[[ Recorded information open ]]

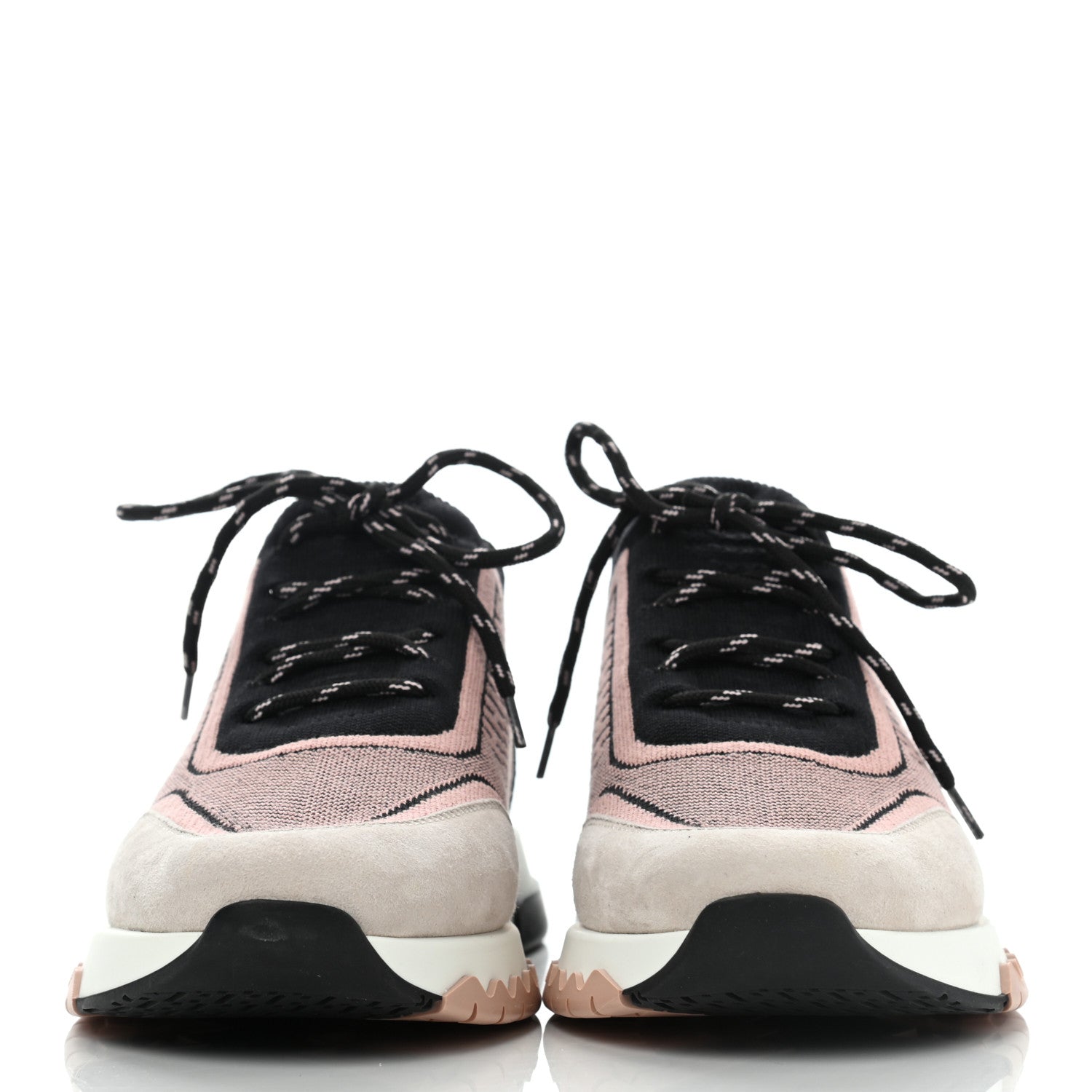 Hermes Knit Goatskin Womens Addict Sneakers 37.5 Black Multicolor 2 of 7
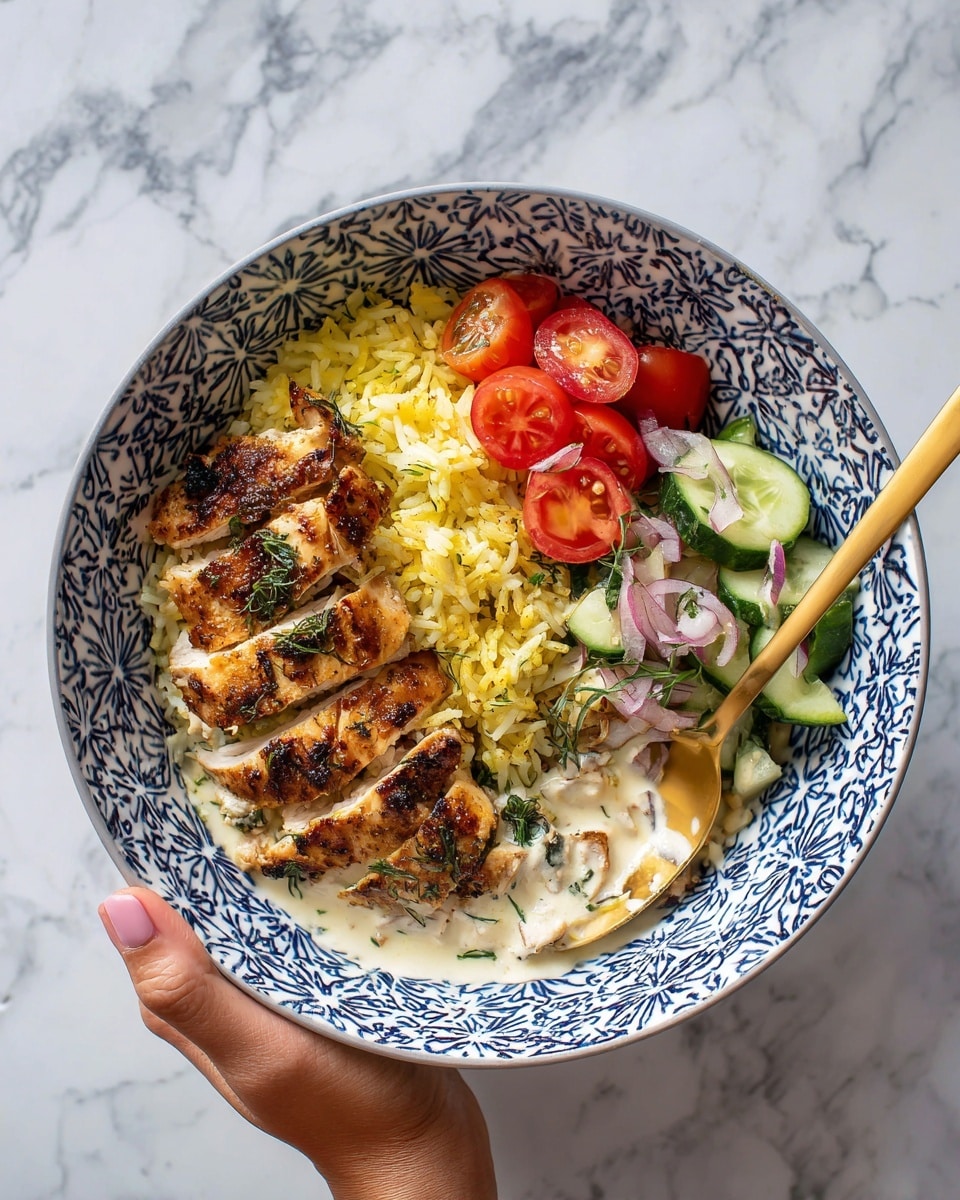 A white bowl with blue geometric patterns holds a layered dish consisting of creamy yellow rice at the bottom left, topped partially by white sauce that spreads outward, covering part of the rice. On the upper left, several pieces of grilled chicken with a golden brown crispy surface are neatly sliced and layered atop the rice and sauce. On the right side, a fresh salad of halved red cherry tomatoes, green cucumber pieces, and thin slices of red onion mixed with herbs provides a bright contrast. A gold spoon scoops some salad, and a woman's hand is visible holding the bowl from below, all set against a white marbled textured background. photo taken with an iphone --ar 4:5 --v 7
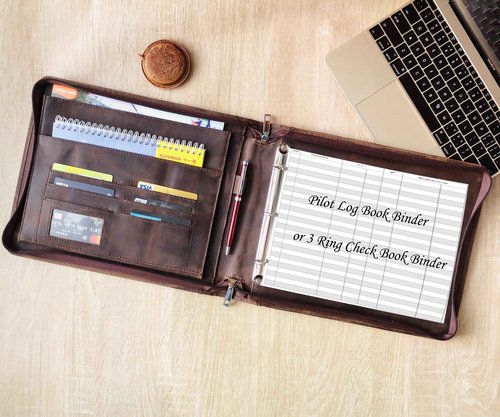 3 Ring Check Binder, Genuine Leather Check Book Portfolio for 3 Holes Checks or 9 Holes Checks, Fits 3-on-a-Page Business Checks, Check Book Binder for 11 1/4"x9", Crazy Horse Leather Dark Khaki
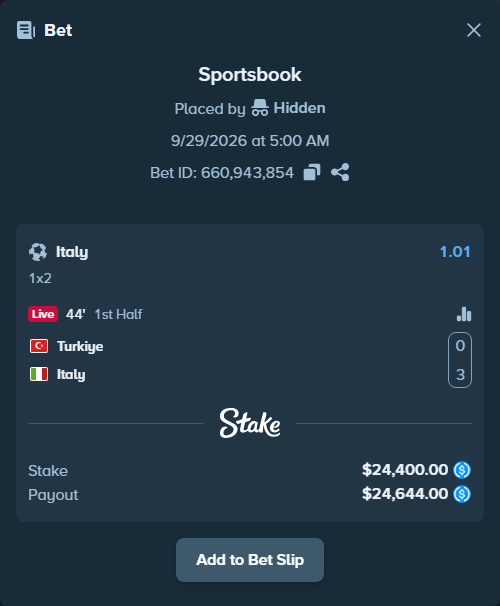 Bet slip: Turkiye - Italy, $24,400.00 stake at 1.01 odds, placed by Jannikyu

[[ Recorded information closed ]]

Return the listing unchanged except for the pictures, which should be dropped.

Exercise result
 Hermes Knit Goatskin Womens Addict Sneakers 37.5 Black Multicolor 2 of 7
 A white bowl with blue geometric patterns holds a layered dish consisting of creamy yellow rice at the bottom left, topped partially by white sauce that spreads outward, covering part of the rice. On the upper left, several pieces of grilled chicken with a golden brown crispy surface are neatly sliced and layered atop the rice and sauce. On the right side, a fresh salad of halved red cherry tomatoes, green cucumber pieces, and thin slices of red onion mixed with herbs provides a bright contrast. A gold spoon scoops some salad, and a woman's hand is visible holding the bowl from below, all set against a white marbled textured background. photo taken with an iphone --ar 4:5 --v 7
 3 Ring Check Binder, Genuine Leather Check Book Portfolio for 3 Holes Checks or 9 Holes Checks, Fits 3-on-a-Page Business Checks, Check Book Binder for 11 1/4"x9", Crazy Horse Leather Dark Khaki
 Bet slip: Turkiye - Italy, $24,400.00 stake at 1.01 odds, placed by Jannikyu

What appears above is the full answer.